■ PROVIDED MATERIAL
====================
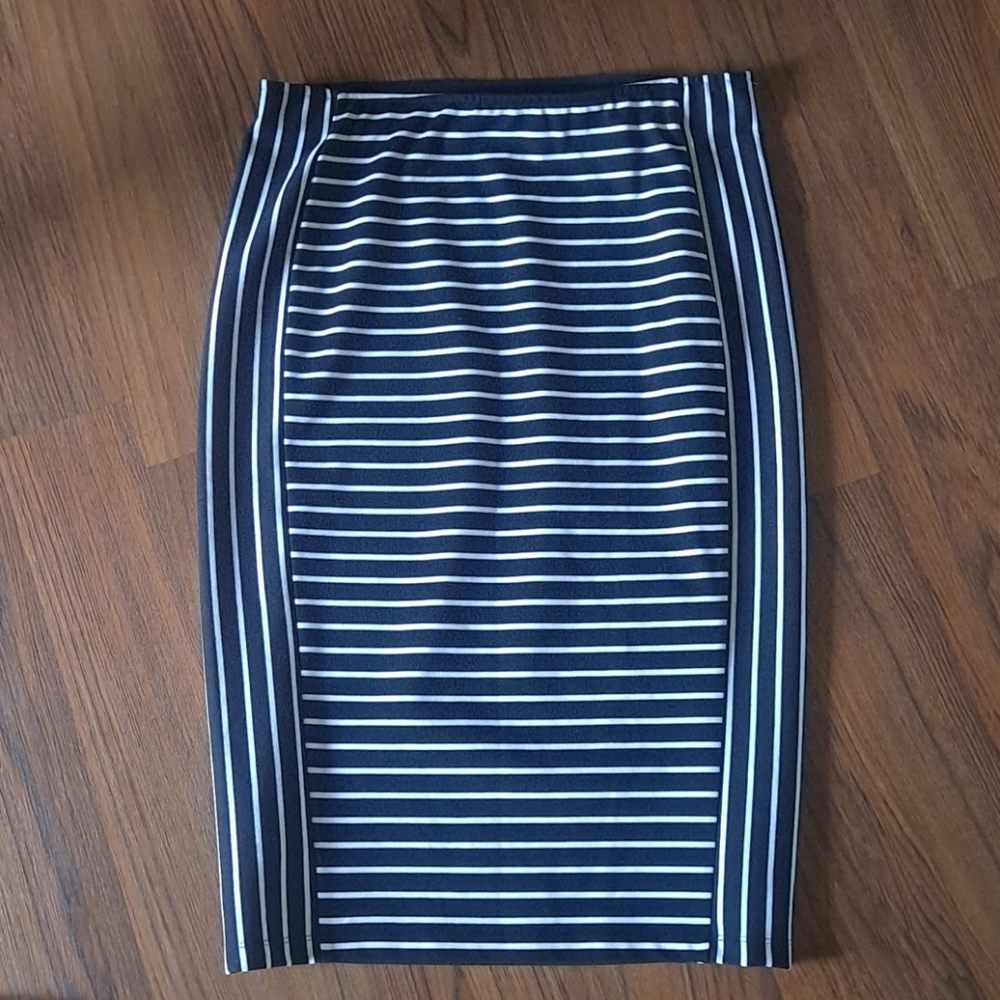 Apt 9 black white striped pencil skirt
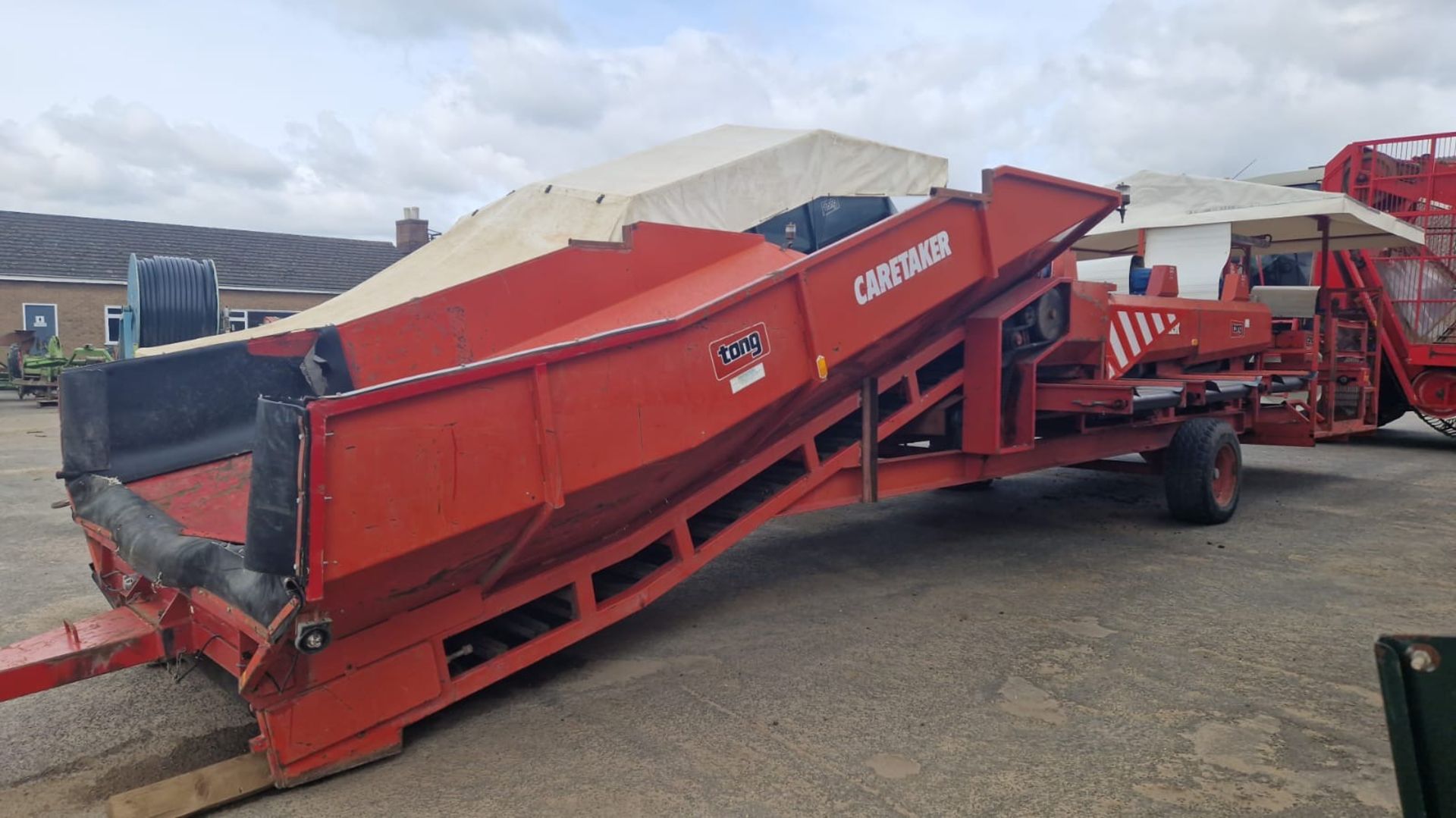 Tong caretaker grader with 3 screens, picking off table, canopy, serial No 934196 - Bild 7 aus 7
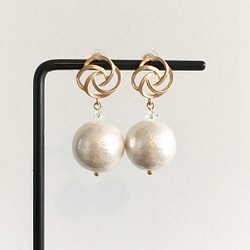 棉花珍珠和圓形圖案的耳釘-Jeanne- 第1張的照片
====================
Make an exact copy of the listing above, omitting the pictures.

 Apt 9 black white striped pencil skirt
 Tong caretaker grader with 3 screens, picking off table, canopy, serial No 934196 - Bild 7 aus 7
 棉花珍珠和圓形圖案的耳釘-Jeanne- 第1張的照片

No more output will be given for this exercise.